Health District budget up 9 percent
Friday, March 26, 2004 | 8:59 a.m.
The Clark County Health District Board on Thursday approved a tentative budget that is nearly 9 percent higher than last year's "tightest budget" ever, but got little financial help from the state in achieving that boost.
The $55.3 million proposed budget for the fiscal year that begins July 1 must be approved by the Nevada Tax Commission. If that board has questions about it, the budget will go back before the Health District board for further review. Otherwise it will become part of the Clark County government budget.

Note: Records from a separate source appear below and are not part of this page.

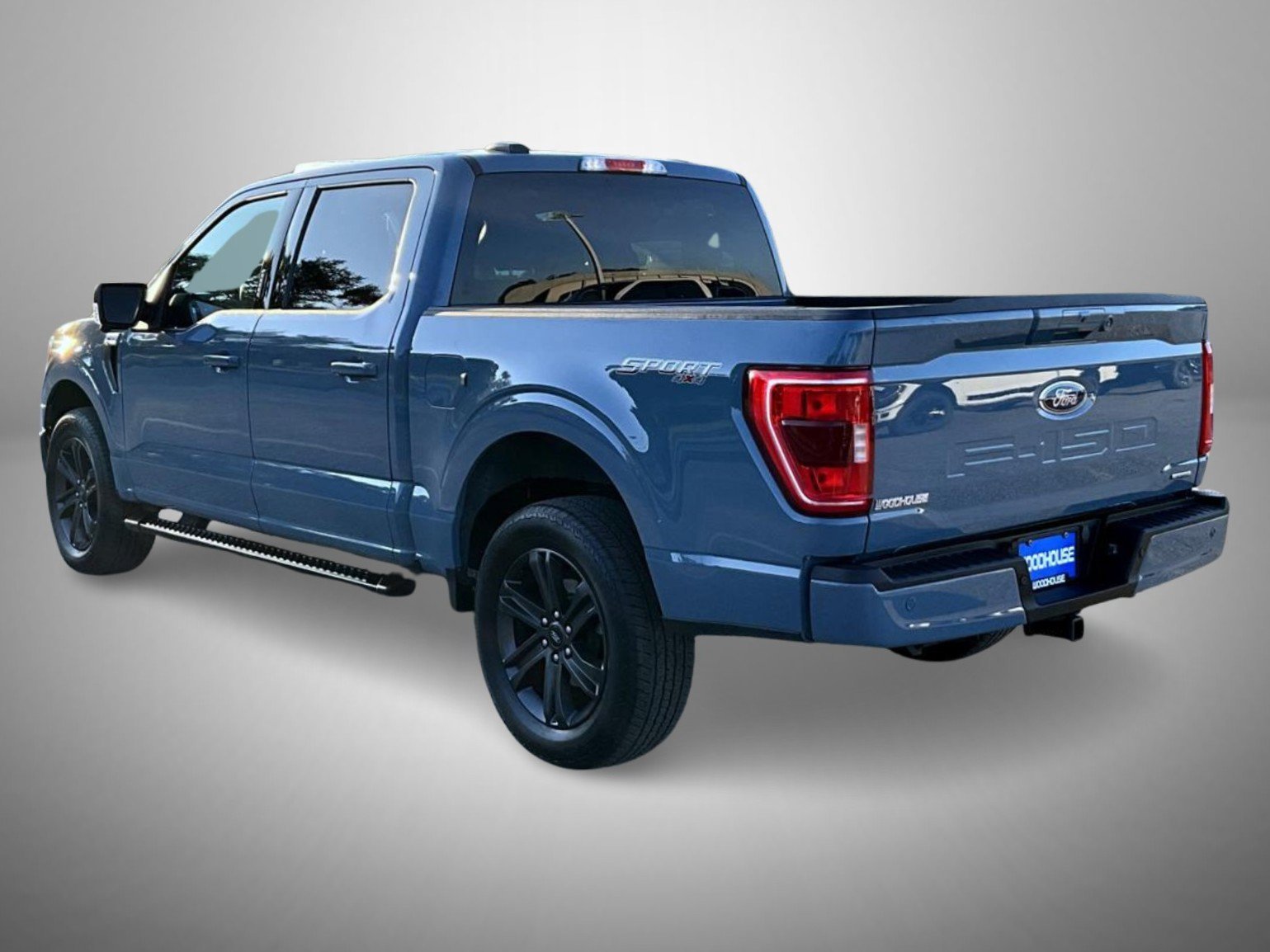 Used 2023 Blue Ford XLT image 7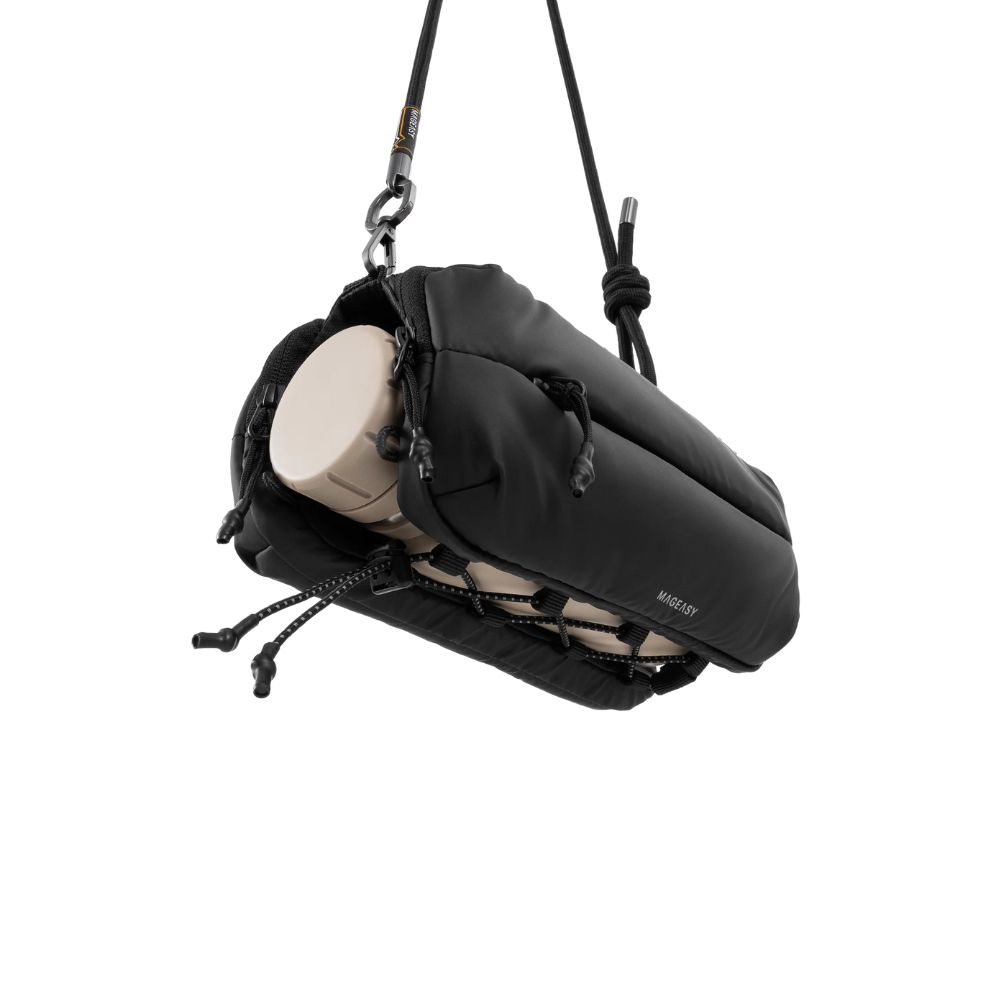 Mageasy Bun Sacoche Utility Crossbody Bag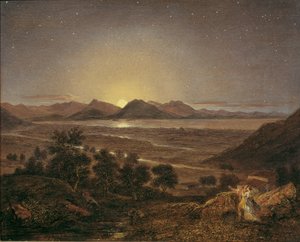 Maratón a la luz de la luna de Carl Agricola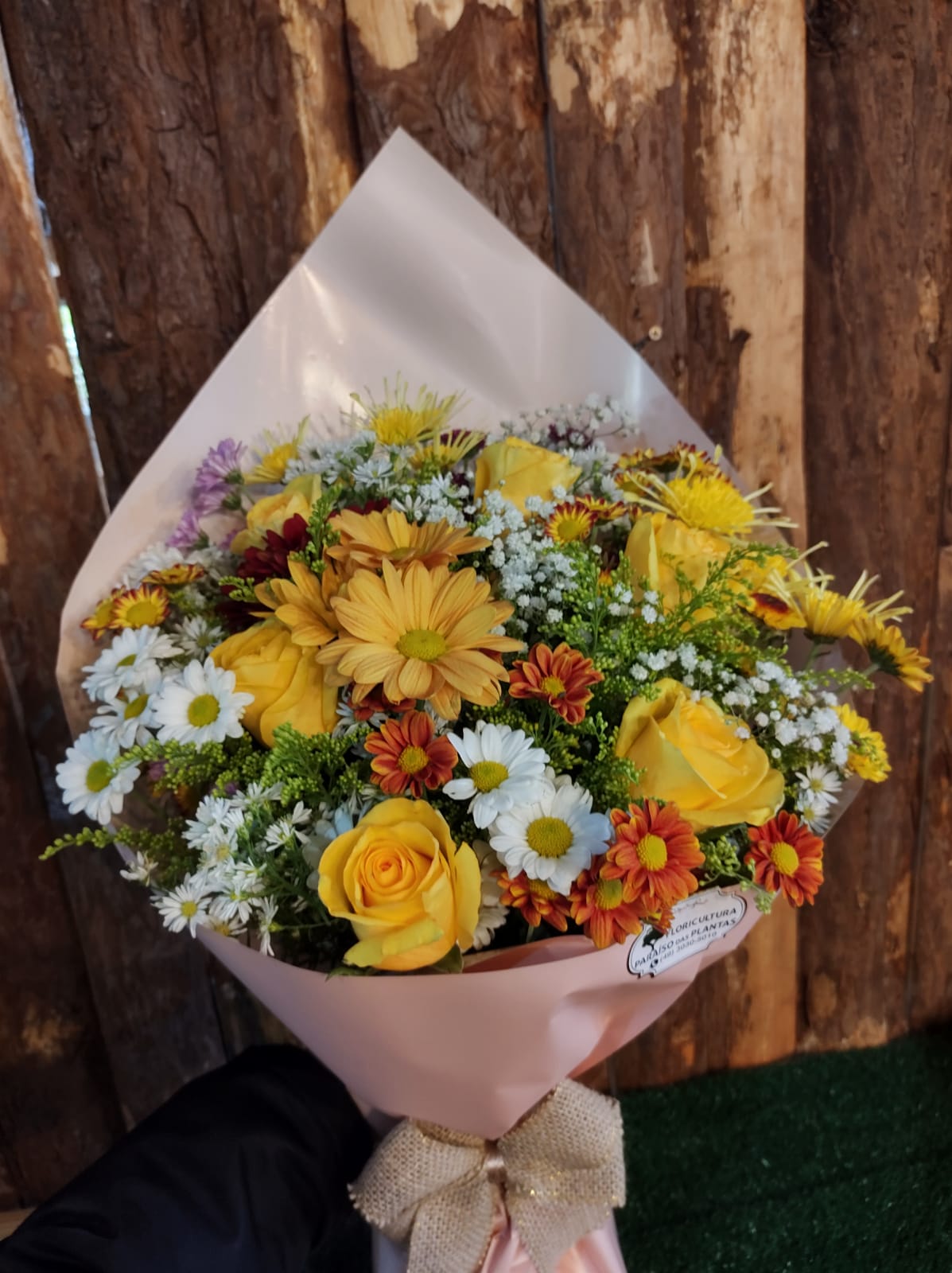 Buquê Alegria – Flores do Campo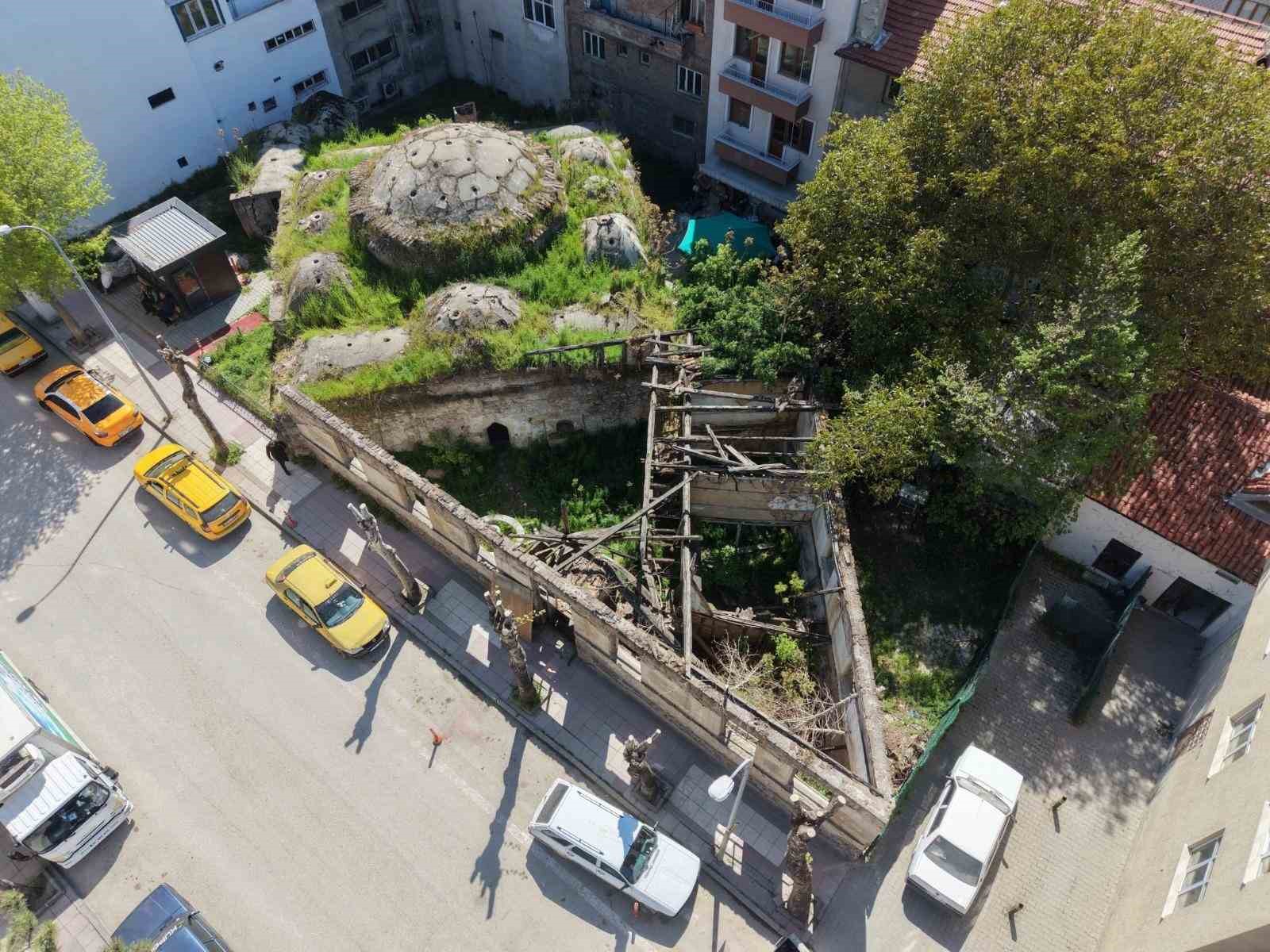 Kastamonu’da 200 yıllık tarihi hamam, restore edilecek
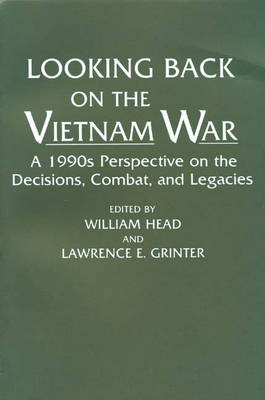 Book cover for Looking Back on the Vietnam War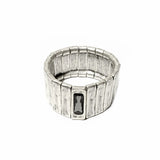 Chanour Pewter Collection Bracelet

"We are in a stronger position than last year," Health District Administrative Services Manager Karl Munninger told the board Thursday. "Last year it was the tightest budget in our history. This is a much more normal budget ... But it is still a very lean budget."
The new budget, which is $4.4 million, or more than 8.7 percent, more than last year, includes $55.1 million in expenditures.
The new budget also is 13 percent greater than four years ago.
Munninger said increases in regulatory fees -- including health cards, permits and immunizations -- over the past 18 months have added $515,000 to the budget to bring total regulatory revenues to $2.8 million.
The fees were increased in the wake of the financially strapped state pulling $2 million in state Health Aid to County funding. Munninger said the district will lobby the 2005 Legislature to restore those state funds.
As a result, currently about one-third of the district's funds come from federal dollars, another third from local taxes and another third from regulatory fees, he said.
The new budget adds $1.7 million to the Capital Reserve Fund to cover, among other things, projects that address bioterrorism issues and architectural designs for a new main Health District building.
On Thursday the board approved creation of the Proprietary Fund of $1.1 million to operate the Southern Nevada Public Health Laboratory. Supplies alone for that new facility will cost $437,000, according to the budget.
County officials expressed concern that school-based health centers and a companion mental-health screening program are underfunded.
Nevada Health Centers could face reduced hours of operation July 1 if additional grant money is not found. Also just $9,000 has been identified in the budget for mental health screening, which the district calls "insufficient to operate the program."
However, $350,000 in local funds were allocated to administer the HIV Ryan White Title I program.
The health district budget also includes a 4 percent cost of living adjustment to cover the last year of the employees' 2000-05 union contract.
In addition to trying to get state aid money restored, the district staff will attempt to restore a formula that more than 20 years ago funded the health district via property tax dollars. Since 1981, the Health District has been funded instead by a population-based formula.
Making such a formula change would increase the county's annual funding of the health district from $17.4 million to $35.3 million, Financial Services Manager Sandra Schulz said.
Health Board member Dr. Joseph Hardy questioned from where that money would come. "Someone else's budget?" he said.
Munninger said one option would be to spread the burden over all entities so that each would lose only a small portion of funding. But with the county, municipalities and other entities tightening their fiscal belts, a plan to reduce their existing property tax allocations figures to face opposition.